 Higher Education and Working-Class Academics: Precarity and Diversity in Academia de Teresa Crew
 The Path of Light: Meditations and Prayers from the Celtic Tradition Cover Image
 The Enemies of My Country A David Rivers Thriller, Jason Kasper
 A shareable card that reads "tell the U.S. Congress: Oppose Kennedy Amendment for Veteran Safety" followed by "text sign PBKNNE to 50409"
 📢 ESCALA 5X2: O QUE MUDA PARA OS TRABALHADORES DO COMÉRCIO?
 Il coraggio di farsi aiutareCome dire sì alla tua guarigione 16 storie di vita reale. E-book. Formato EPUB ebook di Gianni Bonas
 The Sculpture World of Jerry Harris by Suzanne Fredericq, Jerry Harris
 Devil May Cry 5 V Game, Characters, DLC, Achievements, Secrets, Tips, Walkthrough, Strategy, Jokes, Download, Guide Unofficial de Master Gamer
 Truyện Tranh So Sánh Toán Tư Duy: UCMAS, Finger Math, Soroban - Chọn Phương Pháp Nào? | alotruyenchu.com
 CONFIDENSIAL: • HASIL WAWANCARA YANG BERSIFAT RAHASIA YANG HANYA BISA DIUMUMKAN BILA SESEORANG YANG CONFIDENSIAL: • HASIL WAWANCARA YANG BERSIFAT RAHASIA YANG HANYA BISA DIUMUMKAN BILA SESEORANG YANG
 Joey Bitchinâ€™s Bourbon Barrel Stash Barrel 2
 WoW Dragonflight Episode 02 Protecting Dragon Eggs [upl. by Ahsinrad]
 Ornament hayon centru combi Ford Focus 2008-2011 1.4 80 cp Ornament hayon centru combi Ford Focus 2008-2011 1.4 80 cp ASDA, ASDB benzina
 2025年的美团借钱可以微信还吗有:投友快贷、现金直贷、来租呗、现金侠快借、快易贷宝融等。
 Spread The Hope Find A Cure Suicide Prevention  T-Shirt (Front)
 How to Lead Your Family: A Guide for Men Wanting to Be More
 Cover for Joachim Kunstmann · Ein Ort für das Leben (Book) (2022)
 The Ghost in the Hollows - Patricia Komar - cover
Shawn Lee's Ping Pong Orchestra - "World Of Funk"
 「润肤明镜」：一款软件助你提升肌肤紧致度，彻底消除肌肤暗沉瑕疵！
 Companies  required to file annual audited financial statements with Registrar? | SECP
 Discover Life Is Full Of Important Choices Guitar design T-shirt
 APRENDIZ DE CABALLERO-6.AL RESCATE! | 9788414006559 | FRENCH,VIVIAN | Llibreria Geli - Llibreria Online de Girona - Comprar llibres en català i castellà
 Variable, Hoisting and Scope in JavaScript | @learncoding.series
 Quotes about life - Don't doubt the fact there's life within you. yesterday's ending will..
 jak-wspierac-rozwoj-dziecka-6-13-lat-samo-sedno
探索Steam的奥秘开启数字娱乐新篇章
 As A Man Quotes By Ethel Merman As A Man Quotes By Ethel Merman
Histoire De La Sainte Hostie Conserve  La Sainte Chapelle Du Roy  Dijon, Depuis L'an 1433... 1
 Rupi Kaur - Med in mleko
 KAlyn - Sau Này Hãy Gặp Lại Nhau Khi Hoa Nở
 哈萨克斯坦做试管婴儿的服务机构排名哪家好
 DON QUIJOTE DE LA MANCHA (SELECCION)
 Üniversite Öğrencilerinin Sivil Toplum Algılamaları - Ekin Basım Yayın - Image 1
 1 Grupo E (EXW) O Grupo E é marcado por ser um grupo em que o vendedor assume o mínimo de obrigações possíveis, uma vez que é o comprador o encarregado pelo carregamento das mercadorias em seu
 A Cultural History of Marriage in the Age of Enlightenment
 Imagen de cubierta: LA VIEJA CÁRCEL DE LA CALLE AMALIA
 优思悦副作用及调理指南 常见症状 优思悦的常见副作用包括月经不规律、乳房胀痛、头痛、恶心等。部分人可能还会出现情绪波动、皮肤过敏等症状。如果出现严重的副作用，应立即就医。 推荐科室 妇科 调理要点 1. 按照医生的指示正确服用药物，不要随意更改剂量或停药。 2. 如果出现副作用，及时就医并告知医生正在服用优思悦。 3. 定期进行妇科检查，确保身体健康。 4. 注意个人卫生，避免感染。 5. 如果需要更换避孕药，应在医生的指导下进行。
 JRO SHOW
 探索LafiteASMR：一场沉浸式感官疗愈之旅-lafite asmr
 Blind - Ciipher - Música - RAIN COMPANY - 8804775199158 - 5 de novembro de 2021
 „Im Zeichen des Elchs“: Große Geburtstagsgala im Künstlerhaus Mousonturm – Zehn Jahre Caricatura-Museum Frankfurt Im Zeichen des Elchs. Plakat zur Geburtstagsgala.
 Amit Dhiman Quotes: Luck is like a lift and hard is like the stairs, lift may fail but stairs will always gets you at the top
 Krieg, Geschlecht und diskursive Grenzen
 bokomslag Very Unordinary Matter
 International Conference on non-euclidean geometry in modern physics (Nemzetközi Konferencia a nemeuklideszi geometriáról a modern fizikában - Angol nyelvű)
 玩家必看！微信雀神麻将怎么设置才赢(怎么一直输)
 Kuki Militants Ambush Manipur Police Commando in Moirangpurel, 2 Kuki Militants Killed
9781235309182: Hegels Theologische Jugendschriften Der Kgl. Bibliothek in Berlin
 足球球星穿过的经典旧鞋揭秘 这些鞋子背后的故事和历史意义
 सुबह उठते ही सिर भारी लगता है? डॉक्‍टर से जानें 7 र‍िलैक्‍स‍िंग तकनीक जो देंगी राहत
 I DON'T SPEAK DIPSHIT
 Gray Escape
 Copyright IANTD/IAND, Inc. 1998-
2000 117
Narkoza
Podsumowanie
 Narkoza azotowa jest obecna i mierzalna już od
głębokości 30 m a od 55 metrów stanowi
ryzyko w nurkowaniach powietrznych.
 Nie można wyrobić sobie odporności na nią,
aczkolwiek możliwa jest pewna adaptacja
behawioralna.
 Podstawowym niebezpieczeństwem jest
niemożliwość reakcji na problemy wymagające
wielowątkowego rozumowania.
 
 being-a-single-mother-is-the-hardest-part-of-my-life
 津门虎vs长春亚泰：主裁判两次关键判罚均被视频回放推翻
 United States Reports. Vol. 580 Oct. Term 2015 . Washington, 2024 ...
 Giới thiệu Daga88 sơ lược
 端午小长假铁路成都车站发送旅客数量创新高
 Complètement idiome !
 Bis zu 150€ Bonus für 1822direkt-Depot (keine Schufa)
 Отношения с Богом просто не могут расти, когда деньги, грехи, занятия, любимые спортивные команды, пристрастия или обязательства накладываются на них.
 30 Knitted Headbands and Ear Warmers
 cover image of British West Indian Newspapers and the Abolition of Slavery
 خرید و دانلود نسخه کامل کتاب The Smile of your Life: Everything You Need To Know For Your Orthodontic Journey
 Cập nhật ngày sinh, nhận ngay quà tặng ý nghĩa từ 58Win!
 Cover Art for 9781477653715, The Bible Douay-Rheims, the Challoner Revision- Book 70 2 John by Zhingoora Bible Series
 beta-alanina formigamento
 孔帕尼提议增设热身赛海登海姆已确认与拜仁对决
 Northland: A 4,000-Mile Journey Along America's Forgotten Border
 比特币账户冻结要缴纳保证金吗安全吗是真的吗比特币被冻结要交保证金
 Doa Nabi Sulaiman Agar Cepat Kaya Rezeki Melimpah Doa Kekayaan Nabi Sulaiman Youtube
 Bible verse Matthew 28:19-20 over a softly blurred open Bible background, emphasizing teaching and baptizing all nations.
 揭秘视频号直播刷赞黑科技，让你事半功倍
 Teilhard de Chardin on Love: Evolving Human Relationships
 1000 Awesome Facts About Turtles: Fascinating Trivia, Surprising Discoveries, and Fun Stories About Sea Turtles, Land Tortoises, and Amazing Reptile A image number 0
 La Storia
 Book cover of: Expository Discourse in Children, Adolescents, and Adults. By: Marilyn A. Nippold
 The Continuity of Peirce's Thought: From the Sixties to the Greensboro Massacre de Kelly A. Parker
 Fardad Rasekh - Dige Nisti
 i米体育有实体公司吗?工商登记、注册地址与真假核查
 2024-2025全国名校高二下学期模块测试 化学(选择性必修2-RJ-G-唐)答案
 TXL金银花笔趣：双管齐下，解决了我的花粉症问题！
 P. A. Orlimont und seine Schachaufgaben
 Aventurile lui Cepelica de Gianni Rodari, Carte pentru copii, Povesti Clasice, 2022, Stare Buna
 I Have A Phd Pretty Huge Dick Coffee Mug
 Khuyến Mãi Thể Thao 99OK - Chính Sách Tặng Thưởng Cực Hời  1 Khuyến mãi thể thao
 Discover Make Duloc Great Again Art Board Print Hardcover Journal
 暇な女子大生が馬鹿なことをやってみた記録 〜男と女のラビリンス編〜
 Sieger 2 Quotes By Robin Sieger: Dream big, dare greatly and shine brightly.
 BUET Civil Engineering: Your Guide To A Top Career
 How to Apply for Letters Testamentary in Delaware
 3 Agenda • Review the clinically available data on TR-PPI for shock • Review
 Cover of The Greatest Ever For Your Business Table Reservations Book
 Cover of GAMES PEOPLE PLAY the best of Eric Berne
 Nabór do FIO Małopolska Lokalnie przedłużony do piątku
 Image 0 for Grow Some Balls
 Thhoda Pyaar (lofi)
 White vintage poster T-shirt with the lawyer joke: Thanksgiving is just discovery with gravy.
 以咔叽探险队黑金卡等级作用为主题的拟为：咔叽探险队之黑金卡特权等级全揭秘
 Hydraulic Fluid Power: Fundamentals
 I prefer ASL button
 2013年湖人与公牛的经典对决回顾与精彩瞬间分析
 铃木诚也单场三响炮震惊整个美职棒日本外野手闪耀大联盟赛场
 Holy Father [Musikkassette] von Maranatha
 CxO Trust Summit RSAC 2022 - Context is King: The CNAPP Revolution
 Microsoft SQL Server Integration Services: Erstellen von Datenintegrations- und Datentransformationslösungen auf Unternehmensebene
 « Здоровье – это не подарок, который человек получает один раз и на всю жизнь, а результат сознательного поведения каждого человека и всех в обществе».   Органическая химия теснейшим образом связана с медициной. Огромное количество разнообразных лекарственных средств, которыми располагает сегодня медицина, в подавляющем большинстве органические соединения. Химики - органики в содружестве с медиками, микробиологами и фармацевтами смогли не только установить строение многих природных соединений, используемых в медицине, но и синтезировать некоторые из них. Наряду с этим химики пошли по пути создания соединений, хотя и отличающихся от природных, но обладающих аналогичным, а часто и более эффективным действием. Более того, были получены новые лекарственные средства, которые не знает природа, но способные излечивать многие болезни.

## [TASK STATEMENT]
Where does the word "will" appear in the records? Copy every line that holds it.

## [EXERCISE ANSWER]
 Quotes about life - Don't doubt the fact there's life within you. yesterday's ending will..
 Amit Dhiman Quotes: Luck is like a lift and hard is like the stairs, lift may fail but stairs will always gets you at the top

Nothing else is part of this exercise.